In the form of the invention illustrated in FIG. 5, the hearing aid 30 has a housing 31 very nearly identical to the housing previously described. The microphone chamber 36 confines the microphone 32 and the resilient belt 34 isolates the front and rear portions of the microphone chamber from each other. The port 39 in the rear wall of the housing has a simple protective grill 39.1 to protect the microphone from exterior influences, but to freely transmit sounds therethrough without significant resistance. The microphone 32 has a forwardly facing sound-receiving opening 32.1 of sufficient size as to be non-resistive to transmission of sounds therethrough. The sound-receiving openings 32.2 in the rear portion of the microphone and communicating with the lower microphone compartment beneath the diaphragm are resistive to transmission of sounds.

An apertured grill 26', substantially identical to the grill 26 described in connection with FIGS. 1-4 is secured about its entire periphery to the hearing aid housing in the front port 38 with the capability of increasing the resistance to sounds transmitted to the front of the microphone if a number of the apertures in the grill 26' are closed or covered. This resistance in combination with the chamber 16.1, produces a phase shift or delay of the sound before its effects movement of the diaphragm. A rotatable disc or masking plate 27' is rotatably mounted on and lies flush against the apertured grill 26' in the same identical fashion as is the grill 27 related to the grill 26 in the form of the invention illustrated in FIGS. 1-4. The openings in the masking plate or disc 27' may partially cover and uncover the apertures in the grill 26' as the plate 27' is revolved. The changing of the resistance to transmission of sounds into the front of the microphone 32 will vary the degree of directivity effect of the hearing aid because of a delay in transmission or phase shift of the sounds entering through the front of the hearing aid as well as those entering into the rear of the microphone.

In FIG. 6, the form of the hearing aid 10' is substantially identical to that illustrated in FIGS. 1-4 with certain exceptions. The microphone 12 is the same and is located essentially identically to that previously described. The rear wall 21 of the hearing aid housing partly is partially defined by a cover 21' in this form of the invention, and it is the cover 21' of the rear wall through which the rear access opening 19 is defined. The rotatable masking disc 27 and the apertured grill 26 are both identical to that illustrated in FIGS. 1-4 and are related to each other in the same manner and function in the same manner as previously described.
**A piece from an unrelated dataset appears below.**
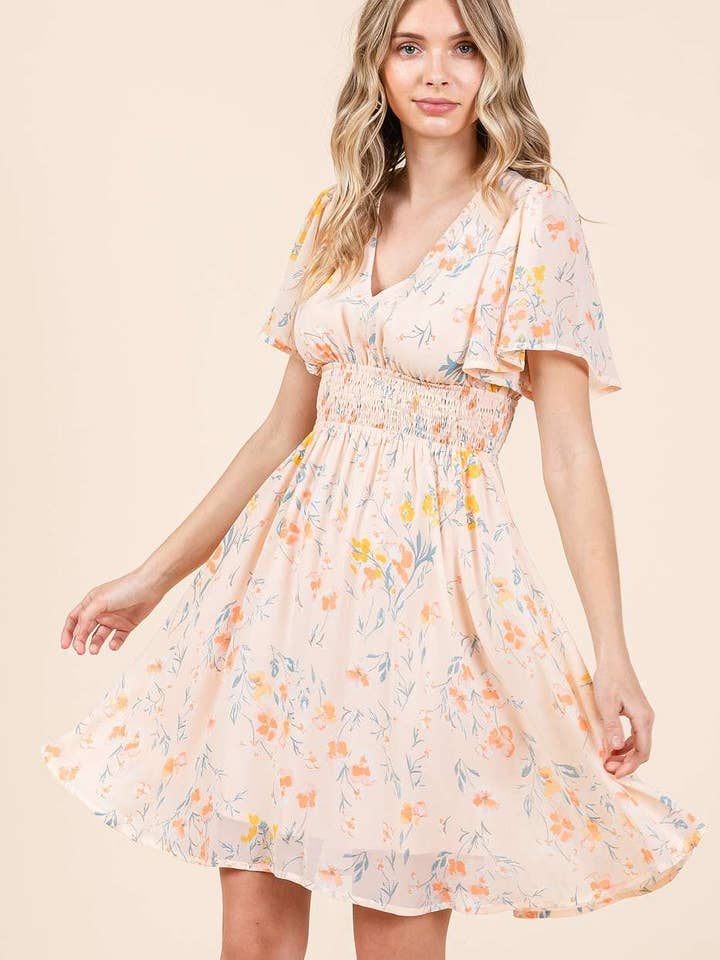 MINIKJOLE MED BLOMSTERPRINT MED SMOCHET TALJE for engroshandel hos mittoshop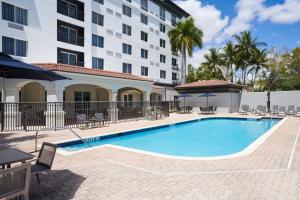 una piscina frente a un hotel con mesas y sillas en Courtyard by Marriott Fort Lauderdale Weston en Weston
In this form of the invention illustrated in FIG. 6, the access port has an interior portion 19' thereof in which an additional variable acoustic resistance 25' is located. The variable acoustic resistance 25' has an apertured grill 26.1', and a partly open rotary masking plate or disc 27.1', both of which are substantially identical to the grill and masking disc 26, 27, respectively, but of slightly smaller dimensions. In addition, the rotatable masking plate 27.1 has an operating control lug 40 located at its center and provided with a screw driver slot so that the disc 27.1' can be adjusted to produce the directivity of the hearing aid 10', and then a spot of adhesive 41 will secure the edge of the plate 27.1' to the adjoining portion of the housing to retain it in a prefixed location. The disc 27 will then be used simply by the wearer or the person who fits the hearing aid to the wearer to produce the directivity which is comfortable for the wearer to utilize.
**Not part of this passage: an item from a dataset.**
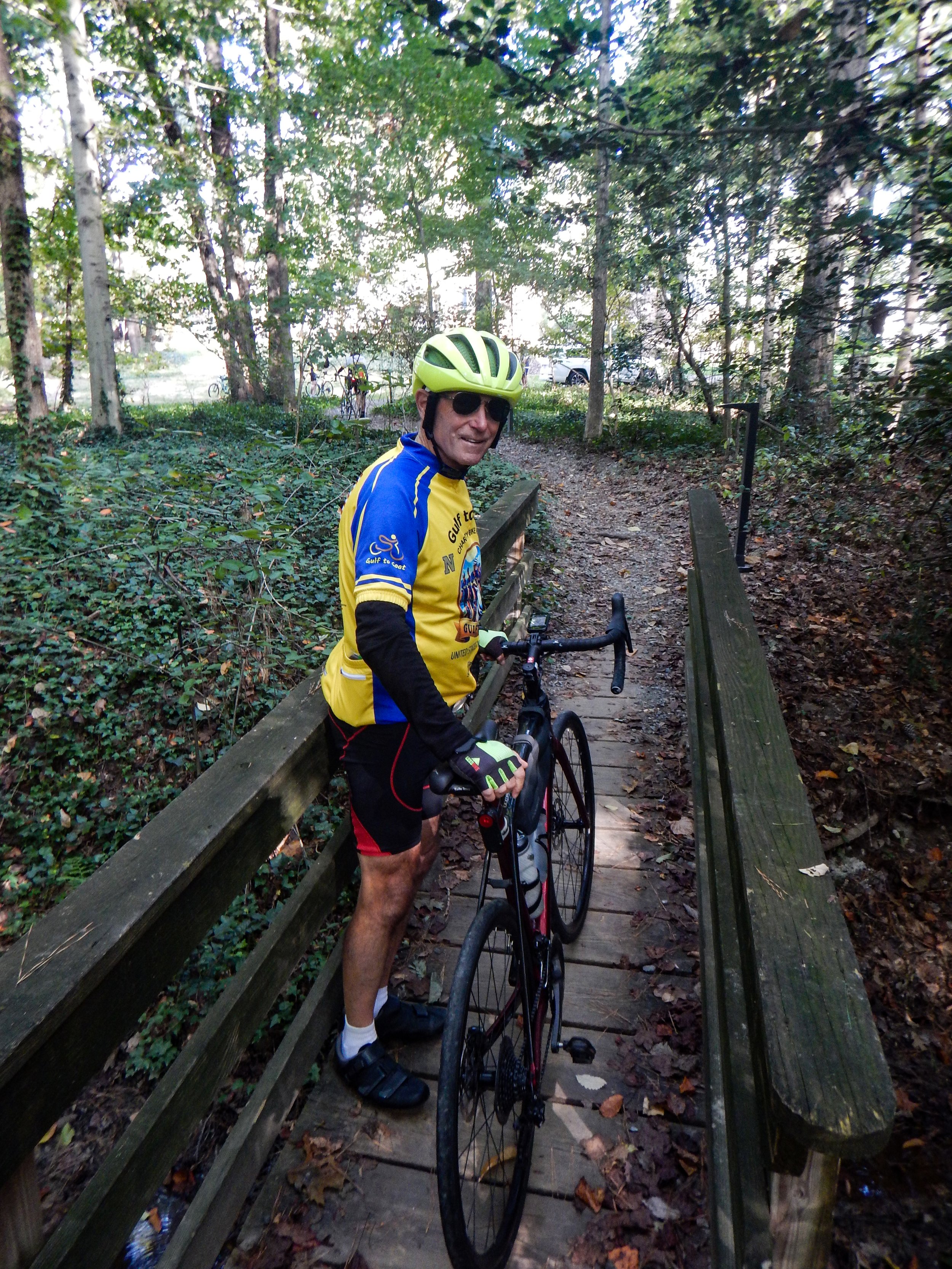 Jay walking bike on gravel trail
It will be seen that this invention provides a hearing aid with a directional microphone to receive the sounds from both front and rear, and an adjustable acoustic resistance to vary the amount of resistance to sounds being transmitted through one of the main access ports and into the hearing aid to control the relative gain to sounds originating from positions to the front of and to the rear of the hearing aid and thereby control the degree of directivity of the hearing aid. Although the drawings illustrate the invention applied to a behind-the-ear hearing aid, the invention is also applicable to hearing aids incorporated in eyeglasses.